Valders students collect items and write letters for Ukrainians
VALDERS, Wis. (WBAY) - In less than a week, K-12 students at Valders schools began a donation drive for those ravaged by the war in Ukraine, eventually collecting a room-filled of supplies.
“Putting this drive together made me a better person I feel like, just because I contributed to knowing that these people have stuff to survive,” Valders High School Senior Taylor Hammel said.
Madison Schwartz, another senior, also helped in organizing the drive. “I got a message on a Friday saying that we were starting this on Monday. So, we quickly put a bunch of kids together, made posters. Made announcements,” Schwartz said.
To aid the Ukrainians was truly a district-wide effort. Students from kindergarten to 5th grade crafted hand-made cards and wrote messages in them.

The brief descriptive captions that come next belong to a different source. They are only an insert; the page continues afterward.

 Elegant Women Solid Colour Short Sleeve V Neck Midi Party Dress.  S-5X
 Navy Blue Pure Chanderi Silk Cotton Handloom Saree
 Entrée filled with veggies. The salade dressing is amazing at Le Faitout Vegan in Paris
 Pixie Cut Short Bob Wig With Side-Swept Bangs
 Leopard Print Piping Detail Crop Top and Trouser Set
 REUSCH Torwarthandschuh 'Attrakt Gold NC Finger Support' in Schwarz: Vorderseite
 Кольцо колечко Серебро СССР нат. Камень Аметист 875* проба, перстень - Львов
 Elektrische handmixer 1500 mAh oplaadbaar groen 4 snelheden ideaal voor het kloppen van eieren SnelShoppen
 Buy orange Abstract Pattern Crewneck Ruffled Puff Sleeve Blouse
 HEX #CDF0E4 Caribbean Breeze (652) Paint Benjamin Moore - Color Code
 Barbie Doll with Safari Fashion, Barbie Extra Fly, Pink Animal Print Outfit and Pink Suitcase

Students in a graphics design class created posters that hung around the school’s building.
“As we got more information over the week...some of the students reconfigured their designs so it can have more info on it,” Tim Woodcock, a graphics design teacher, said.
Images of the war on social media have contributed to kids becoming more engaged, according to history teacher Tyler Martell.
“The students are so connected to what’s going on in the world today through TikTok, Snapchat and other social media. They ask me questions and that can take the first 10, 20 minutes of class,” Martell said.
Senior Luke Risse says Russia’s invasion of Ukraine has made him more aware of the benefits of living in a democratic society.
“Living in America and being able to experience all the things that America offers....it also comes with a downside because we realize how much other people don’t have,” Risse said.
Valders has a student population of about a thousand, yet the donation drive has shown how generous the community can be.
“Maybe give up a meal from a fast-food restaurant in order to purchase cut green beans to send abroad, it’s awesome,” Valders math teacher Rachel Lensmire said.
A teacher will drop off the items to Green Bay on Friday, and then the donation will travel to Poland and Ukraine. Students hope this can ease the weary souls of Ukrainians.
“No matter like who you are, you can make a difference in someone else’s life whether you see the difference or not,” Ellie Vertz, a senior, said.